Task description:
Only the lines of the data below from the one with "Vesper Cloud Pillow" through the one with "Sommerhus nr. 636 med spa i Nordjylland" are wanted. Repeat them exactly.

Data excerpts:
——————
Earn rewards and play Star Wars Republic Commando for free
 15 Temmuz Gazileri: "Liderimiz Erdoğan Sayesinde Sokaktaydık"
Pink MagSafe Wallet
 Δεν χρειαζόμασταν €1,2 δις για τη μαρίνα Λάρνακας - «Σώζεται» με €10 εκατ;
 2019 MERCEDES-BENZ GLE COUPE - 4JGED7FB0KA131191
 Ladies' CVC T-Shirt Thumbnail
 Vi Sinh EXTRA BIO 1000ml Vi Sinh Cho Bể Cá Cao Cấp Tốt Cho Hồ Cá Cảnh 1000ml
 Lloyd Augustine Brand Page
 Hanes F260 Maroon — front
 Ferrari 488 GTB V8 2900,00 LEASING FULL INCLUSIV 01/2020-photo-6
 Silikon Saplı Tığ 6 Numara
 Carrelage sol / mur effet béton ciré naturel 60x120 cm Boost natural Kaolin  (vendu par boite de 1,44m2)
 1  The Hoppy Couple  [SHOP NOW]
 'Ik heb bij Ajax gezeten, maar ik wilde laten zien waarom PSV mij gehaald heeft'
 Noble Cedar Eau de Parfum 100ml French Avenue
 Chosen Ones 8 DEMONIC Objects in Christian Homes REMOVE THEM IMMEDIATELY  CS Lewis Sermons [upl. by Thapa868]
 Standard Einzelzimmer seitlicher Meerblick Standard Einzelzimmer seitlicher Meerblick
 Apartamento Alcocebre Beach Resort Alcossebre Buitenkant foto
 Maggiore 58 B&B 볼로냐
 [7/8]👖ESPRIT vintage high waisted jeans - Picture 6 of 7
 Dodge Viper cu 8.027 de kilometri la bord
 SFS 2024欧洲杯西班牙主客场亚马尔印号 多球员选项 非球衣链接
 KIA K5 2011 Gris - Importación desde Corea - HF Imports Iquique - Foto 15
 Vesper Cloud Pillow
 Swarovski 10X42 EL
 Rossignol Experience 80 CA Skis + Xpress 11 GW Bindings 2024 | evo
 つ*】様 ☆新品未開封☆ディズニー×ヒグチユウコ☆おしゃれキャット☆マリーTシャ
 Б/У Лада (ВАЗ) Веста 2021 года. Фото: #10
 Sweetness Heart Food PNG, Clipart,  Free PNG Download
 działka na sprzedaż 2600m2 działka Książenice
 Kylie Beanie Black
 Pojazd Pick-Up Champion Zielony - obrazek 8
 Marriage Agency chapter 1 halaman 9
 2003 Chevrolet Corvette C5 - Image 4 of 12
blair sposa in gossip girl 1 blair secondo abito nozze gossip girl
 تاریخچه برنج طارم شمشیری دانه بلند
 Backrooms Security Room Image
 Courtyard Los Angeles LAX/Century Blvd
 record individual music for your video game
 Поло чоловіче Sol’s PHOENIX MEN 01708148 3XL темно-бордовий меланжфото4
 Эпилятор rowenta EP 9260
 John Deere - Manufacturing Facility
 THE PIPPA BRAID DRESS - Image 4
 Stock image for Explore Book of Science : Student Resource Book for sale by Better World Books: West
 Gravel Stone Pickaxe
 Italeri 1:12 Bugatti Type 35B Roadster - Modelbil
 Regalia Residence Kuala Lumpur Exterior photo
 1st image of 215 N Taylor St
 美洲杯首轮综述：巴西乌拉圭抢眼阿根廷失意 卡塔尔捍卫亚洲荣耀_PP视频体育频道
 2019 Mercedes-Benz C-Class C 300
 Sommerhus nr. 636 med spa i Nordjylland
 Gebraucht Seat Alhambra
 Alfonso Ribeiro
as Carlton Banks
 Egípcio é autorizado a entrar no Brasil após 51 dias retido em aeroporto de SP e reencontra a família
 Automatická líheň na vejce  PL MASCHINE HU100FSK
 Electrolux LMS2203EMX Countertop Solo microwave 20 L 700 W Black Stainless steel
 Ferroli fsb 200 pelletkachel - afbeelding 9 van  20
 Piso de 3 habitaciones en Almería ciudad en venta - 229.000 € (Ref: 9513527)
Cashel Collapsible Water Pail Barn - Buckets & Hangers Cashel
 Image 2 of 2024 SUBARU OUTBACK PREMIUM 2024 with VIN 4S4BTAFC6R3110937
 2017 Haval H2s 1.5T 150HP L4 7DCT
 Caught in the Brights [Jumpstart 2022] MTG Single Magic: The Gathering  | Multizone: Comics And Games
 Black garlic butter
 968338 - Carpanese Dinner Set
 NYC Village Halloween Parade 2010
——————
Finished task:
 Vesper Cloud Pillow
 Swarovski 10X42 EL
 Rossignol Experience 80 CA Skis + Xpress 11 GW Bindings 2024 | evo
 つ*】様 ☆新品未開封☆ディズニー×ヒグチユウコ☆おしゃれキャット☆マリーTシャ
 Б/У Лада (ВАЗ) Веста 2021 года. Фото: #10
 Sweetness Heart Food PNG, Clipart,  Free PNG Download
 działka na sprzedaż 2600m2 działka Książenice
 Kylie Beanie Black
 Pojazd Pick-Up Champion Zielony - obrazek 8
 Marriage Agency chapter 1 halaman 9
 2003 Chevrolet Corvette C5 - Image 4 of 12
blair sposa in gossip girl 1 blair secondo abito nozze gossip girl
 تاریخچه برنج طارم شمشیری دانه بلند
 Backrooms Security Room Image
 Courtyard Los Angeles LAX/Century Blvd
 record individual music for your video game
 Поло чоловіче Sol’s PHOENIX MEN 01708148 3XL темно-бордовий меланжфото4
 Эпилятор rowenta EP 9260
 John Deere - Manufacturing Facility
 THE PIPPA BRAID DRESS - Image 4
 Stock image for Explore Book of Science : Student Resource Book for sale by Better World Books: West
 Gravel Stone Pickaxe
 Italeri 1:12 Bugatti Type 35B Roadster - Modelbil
 Regalia Residence Kuala Lumpur Exterior photo
 1st image of 215 N Taylor St
 美洲杯首轮综述：巴西乌拉圭抢眼阿根廷失意 卡塔尔捍卫亚洲荣耀_PP视频体育频道
 2019 Mercedes-Benz C-Class C 300
 Sommerhus nr. 636 med spa i Nordjylland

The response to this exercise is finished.